In einem neueren Artikel (16. Dez.) auf https://www.nachdenkseiten.de/?p=126339 geht K. Leukefeld auch auf die Situation in Syrien 2011 ein. Sie beschreibt ein Land mit prosperierender Wirtschaft, versehen mit dem Wohlwollen der Weltbank und der EU, mit beachtlichen Investitionen der Ölmultis u.a. Multis. Nichts finde ich in dem Beitrag zur Lage der arbeitenden Klassen. Dann heißt es: „In Syrien begannen Demonstrationen, überall wurde diskutiert. Erste Menschen wurden bei den Protesten getötet, Angriffe auf Polizei und Armee vor allem in den Grenzgebieten zur Türkei und zu Jordanien nahmen zu. Wissenschaftler, Offiziere, Politiker, Journalisten wurden erschossen oder entführt, es herrschte Angst. Oppositionelle aus verschiedenen Parteien stellten auf einer Konferenz im Semir-Amis-Hotel im Sommer 2011 ihre Forderungen vor: Keine Gewalt, Freilassung der Gefangenen, nationaler Dialog.“
Der Elefant ist immer noch unsichtbar.
Antiamerikanisch /„antiimperialistische“ Scheuklappen ablegen
Auffällig ist für mich, 2011, „arabischer Frühling“, Demonstrationen in Syrien – all das findet sich nicht bei der Benennung von Ursachen. Keine Einmischung von außen kann zum Sturz eines Regimes führen, wenn dazu nicht im Innern die Bedingungen gegeben sind. Das zu ignorieren, ist wieder nur erklärbar mit diesem merkwürdigen linken Antiamerikanismus, wonach alles Übel von den USA ausgeht. Das ist eigentlich nicht falsch (salopp gesagt), aber, ob sich das Übel durchsetzt, dafür müssen – siehe oben – vor Ort entsprechende Bedingungen vorhanden sein.

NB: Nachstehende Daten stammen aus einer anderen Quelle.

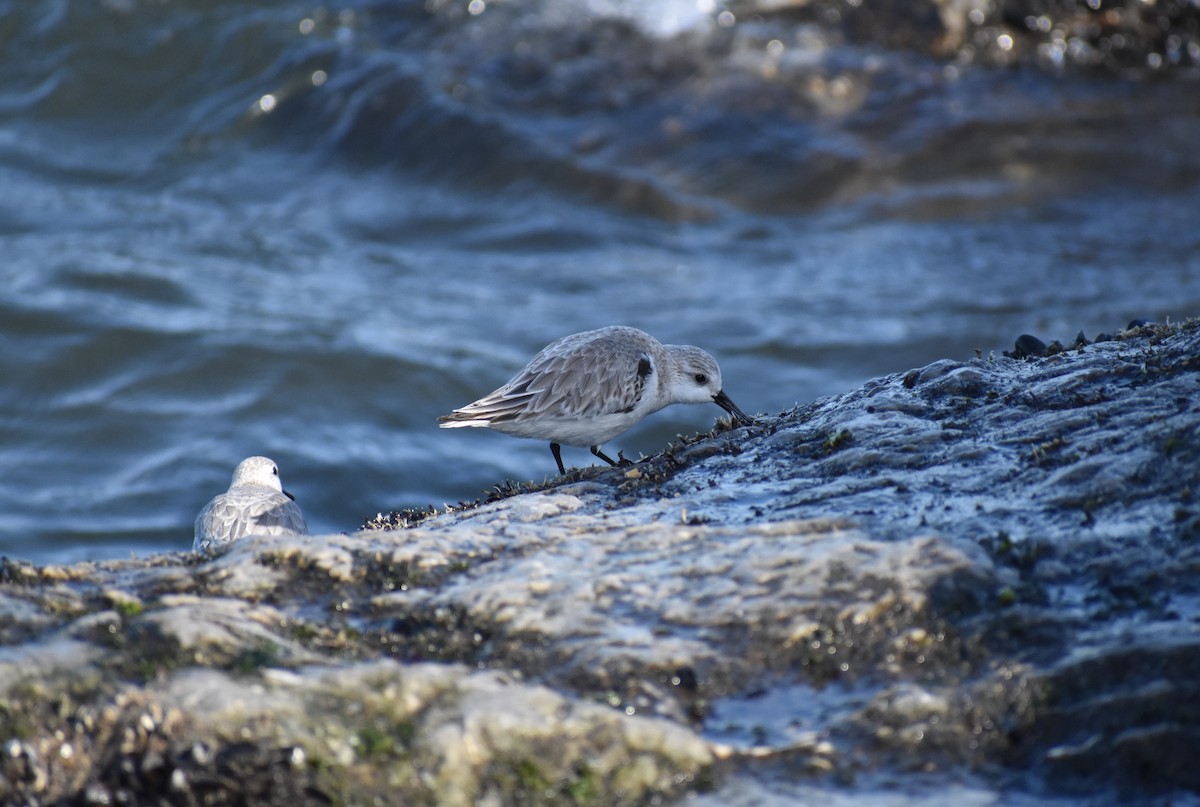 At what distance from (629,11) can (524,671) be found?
15.1 meters

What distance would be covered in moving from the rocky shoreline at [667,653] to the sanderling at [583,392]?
2140 mm

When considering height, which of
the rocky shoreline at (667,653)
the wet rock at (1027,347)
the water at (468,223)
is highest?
the water at (468,223)

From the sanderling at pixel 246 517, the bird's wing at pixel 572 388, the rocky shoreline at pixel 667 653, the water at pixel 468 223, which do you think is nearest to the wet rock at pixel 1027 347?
the rocky shoreline at pixel 667 653

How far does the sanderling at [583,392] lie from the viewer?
6.96 metres

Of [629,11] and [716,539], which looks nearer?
[716,539]

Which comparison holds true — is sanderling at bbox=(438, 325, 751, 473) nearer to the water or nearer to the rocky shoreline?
the rocky shoreline

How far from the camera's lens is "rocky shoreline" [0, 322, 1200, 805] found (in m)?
3.45

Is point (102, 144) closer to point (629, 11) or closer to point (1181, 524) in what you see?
point (629, 11)

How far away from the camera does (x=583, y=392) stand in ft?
A: 22.8

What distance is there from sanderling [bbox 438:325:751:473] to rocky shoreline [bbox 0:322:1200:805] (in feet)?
7.02

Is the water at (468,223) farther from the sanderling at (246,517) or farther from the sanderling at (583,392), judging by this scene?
the sanderling at (583,392)

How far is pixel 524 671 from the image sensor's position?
3.77 m

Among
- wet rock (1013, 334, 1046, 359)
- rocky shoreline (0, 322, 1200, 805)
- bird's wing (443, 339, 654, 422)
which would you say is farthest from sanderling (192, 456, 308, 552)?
wet rock (1013, 334, 1046, 359)

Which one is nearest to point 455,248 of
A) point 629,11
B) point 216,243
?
point 216,243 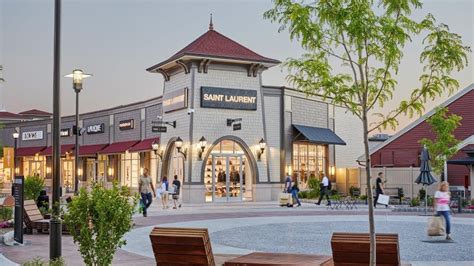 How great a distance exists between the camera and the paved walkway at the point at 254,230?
1437 centimetres

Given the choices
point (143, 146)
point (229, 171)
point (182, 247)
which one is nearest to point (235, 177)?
point (229, 171)

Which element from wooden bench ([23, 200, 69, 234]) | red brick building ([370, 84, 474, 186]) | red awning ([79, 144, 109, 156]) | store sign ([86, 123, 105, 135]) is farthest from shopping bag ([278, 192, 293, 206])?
store sign ([86, 123, 105, 135])

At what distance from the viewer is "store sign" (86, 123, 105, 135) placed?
160ft

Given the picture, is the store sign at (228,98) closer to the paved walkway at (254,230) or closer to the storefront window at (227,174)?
the storefront window at (227,174)

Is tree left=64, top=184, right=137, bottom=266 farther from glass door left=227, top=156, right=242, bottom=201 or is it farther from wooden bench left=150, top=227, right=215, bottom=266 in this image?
glass door left=227, top=156, right=242, bottom=201

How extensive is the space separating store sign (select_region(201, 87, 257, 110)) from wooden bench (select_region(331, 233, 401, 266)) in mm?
26973

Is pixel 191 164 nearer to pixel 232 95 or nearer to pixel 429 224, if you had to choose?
pixel 232 95

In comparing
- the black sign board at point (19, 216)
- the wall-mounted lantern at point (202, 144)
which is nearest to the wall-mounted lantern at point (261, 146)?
the wall-mounted lantern at point (202, 144)

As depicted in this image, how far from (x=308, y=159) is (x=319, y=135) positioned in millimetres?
1806

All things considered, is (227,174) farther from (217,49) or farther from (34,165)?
(34,165)

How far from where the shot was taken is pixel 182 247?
9430 millimetres

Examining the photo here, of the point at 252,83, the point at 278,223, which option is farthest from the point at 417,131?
the point at 278,223

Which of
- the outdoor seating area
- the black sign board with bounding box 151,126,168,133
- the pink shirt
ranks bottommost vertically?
the outdoor seating area

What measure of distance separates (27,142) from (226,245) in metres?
47.7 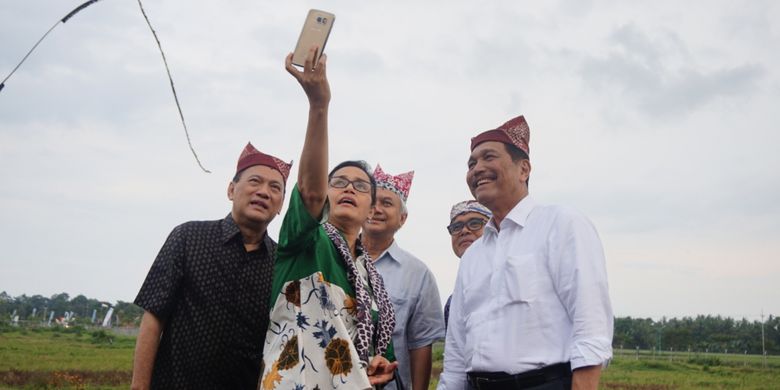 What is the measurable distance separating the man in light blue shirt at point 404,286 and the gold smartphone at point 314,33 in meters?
1.66

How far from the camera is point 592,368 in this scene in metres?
2.60

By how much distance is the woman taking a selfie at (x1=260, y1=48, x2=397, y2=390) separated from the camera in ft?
7.70

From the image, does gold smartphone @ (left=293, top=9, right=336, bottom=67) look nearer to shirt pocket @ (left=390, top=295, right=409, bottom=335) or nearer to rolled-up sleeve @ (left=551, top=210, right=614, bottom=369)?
rolled-up sleeve @ (left=551, top=210, right=614, bottom=369)

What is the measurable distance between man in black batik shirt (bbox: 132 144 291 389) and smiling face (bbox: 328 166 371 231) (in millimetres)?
335

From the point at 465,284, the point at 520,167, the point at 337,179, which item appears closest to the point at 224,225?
the point at 337,179

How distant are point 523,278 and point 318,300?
94cm

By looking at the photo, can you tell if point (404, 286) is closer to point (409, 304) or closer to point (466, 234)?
point (409, 304)

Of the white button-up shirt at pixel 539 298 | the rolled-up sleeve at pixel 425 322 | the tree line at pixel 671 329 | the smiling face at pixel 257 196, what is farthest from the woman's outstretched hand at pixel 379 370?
the tree line at pixel 671 329

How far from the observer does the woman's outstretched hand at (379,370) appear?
2.62 m

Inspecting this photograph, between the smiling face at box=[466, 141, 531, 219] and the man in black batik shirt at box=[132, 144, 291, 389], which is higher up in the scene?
the smiling face at box=[466, 141, 531, 219]

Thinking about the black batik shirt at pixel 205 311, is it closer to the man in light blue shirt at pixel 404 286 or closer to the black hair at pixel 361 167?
the black hair at pixel 361 167

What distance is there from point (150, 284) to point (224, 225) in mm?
445

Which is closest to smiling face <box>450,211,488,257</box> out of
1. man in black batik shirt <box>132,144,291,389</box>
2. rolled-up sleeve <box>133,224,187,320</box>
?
man in black batik shirt <box>132,144,291,389</box>

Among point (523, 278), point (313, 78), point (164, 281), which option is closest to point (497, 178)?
point (523, 278)
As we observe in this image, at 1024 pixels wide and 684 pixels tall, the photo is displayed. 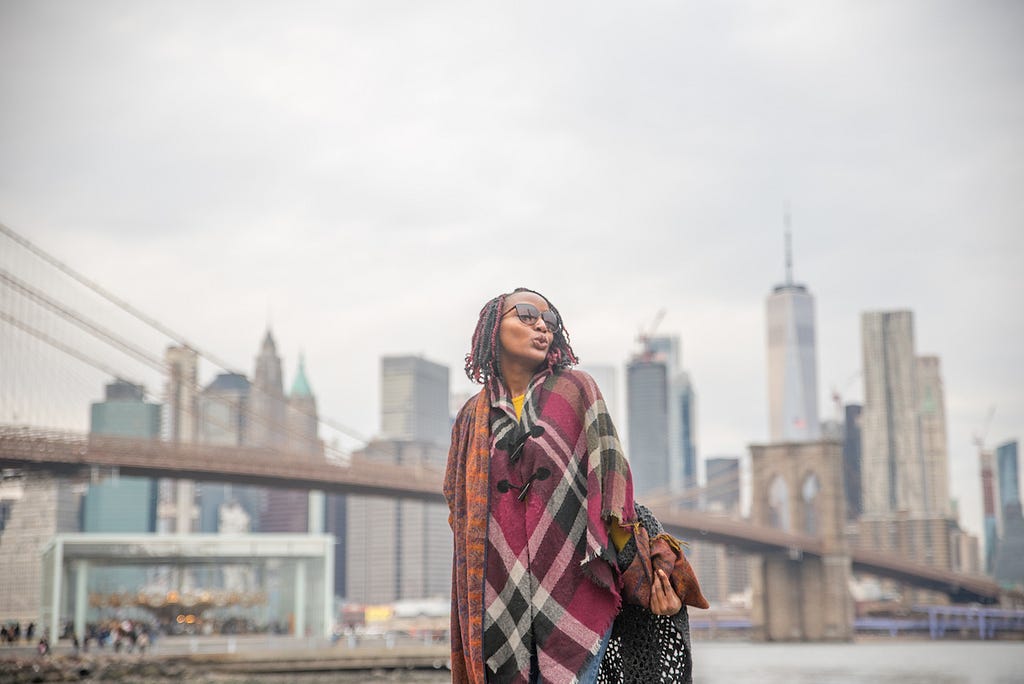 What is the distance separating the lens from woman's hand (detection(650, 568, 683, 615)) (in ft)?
9.64

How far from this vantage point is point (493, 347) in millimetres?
3242

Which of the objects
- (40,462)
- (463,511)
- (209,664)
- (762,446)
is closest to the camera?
(463,511)

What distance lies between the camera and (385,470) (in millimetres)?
42375

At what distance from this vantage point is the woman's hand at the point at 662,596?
2938mm

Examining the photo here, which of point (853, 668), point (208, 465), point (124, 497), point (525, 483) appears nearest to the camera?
point (525, 483)

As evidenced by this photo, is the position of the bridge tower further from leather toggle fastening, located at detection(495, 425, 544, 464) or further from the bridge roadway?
leather toggle fastening, located at detection(495, 425, 544, 464)

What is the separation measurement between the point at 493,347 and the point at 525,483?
14.0 inches

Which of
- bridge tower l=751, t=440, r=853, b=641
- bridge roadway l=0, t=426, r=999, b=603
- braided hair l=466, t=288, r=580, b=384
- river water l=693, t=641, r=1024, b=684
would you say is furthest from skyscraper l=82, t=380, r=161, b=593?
braided hair l=466, t=288, r=580, b=384

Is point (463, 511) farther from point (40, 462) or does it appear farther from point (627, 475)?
point (40, 462)

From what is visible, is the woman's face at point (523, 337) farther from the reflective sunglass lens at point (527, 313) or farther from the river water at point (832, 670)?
the river water at point (832, 670)

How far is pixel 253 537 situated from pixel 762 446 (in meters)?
54.2

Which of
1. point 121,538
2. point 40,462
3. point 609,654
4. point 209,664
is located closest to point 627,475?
point 609,654

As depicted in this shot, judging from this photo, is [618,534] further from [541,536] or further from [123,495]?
[123,495]

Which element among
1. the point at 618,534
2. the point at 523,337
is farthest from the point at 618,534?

Ende Mai 2011 hat kommunisten.de eine Erklärung der Syrischen Kommunistischen Partei (Einheit) veröffentlicht. Damals war es nach den zunächst friedlichen Protesten zu Übergriffen der Sicherheitskräfte und andererseits bewaffneten Angriffen von „Protestierenden“ gekommen. Die Erklärung beginnt mit der Benennung von Ursachen der berechtigten Massenproteste, demokratischer Defizite und sozialer Probleme:
„Die schlimmen Ereignisse in Syrien halten seit nunmehr zwei Monaten an. Sie brachen aus, als die Bevölkerung im Verwaltungsgebiet Daraa eine Protestbewegung mit lokalen Forderungen des Volkes in Gang setzte. Diese Bewegung warf Licht auf einige ernste Mängel im politischen Leben Syriens. Beispielhaft genannt seien: der anhaltende Ausnahmezustand, politische Aktivitäten der Regierenden, etc. Ferner machten diese Proteste auf die öffentliche Kritik aufmerksam, die ebenso mit den verschlechterten Lebensbedingungen wie mit den sozialen Zuständen zu tun hat, die Folgen des Wirtschaftssystems in Syrien sind. Dieses wandelt sich in eine freie Marktwirtschaft, mit sinkender Unterstützung und Hilfe für die Habenichtse im Lande, mit Abbau von Zuschüssen für Grundbedürfnisse und die Bedürfnisse der landwirtschaftlichen Produktion, der Beseitigung jeglicher Staatskontrolle des Außenhandels – eine Maßnahme, die nicht durch eine Weiterentwicklung der Industrie Syriens begleitet wurde. Zudem ist der Anteil der Arbeitslosigkeit besonders unter jungen Menschen gestiegen.
Das alles macht den Erlass von drei Gesetzen erforderlich: die Aufhebung des Ausnahmezustandes, die Auflösung des Gerichtshofes für Staatssicherheit und die gesetzliche Zulassung von friedlichen Demonstrationen.“
Im Weiteren wird auf die Rolle Syriens in der Region und im Widerstand gegen US-amerikanische-israelische Pläne in der Region hingewiesen. Und dass die Partei in diesem Sinn die Regierung unterstützt.
Die Partei machte mehrere Vorschläge zu einer demokratisch abgesicherten Lösung der Krise. „Die Syrische Kommunistische Partei (geeinigt) gab eine Erklärung heraus, die breite Unterstützung bei nationalen Kräften fand, in der die Abhaltung einer Nationalen Konferenz gefordert wurde, und dass an dieser Beratung alle politischen Parteien, einschließlich der nationalen inländischen Opposition Syriens, die Vertreter der Gewerkschaften Syriens, die intellektuellen, wirtschaftlichen und kulturellen Eliten und die Religionsvertreter teilnehmen sollten.“
Die Entwicklung nahm einen anderen Verlauf. Die Verantwortung dafür lag nicht nur bei den USA und Verbündeten.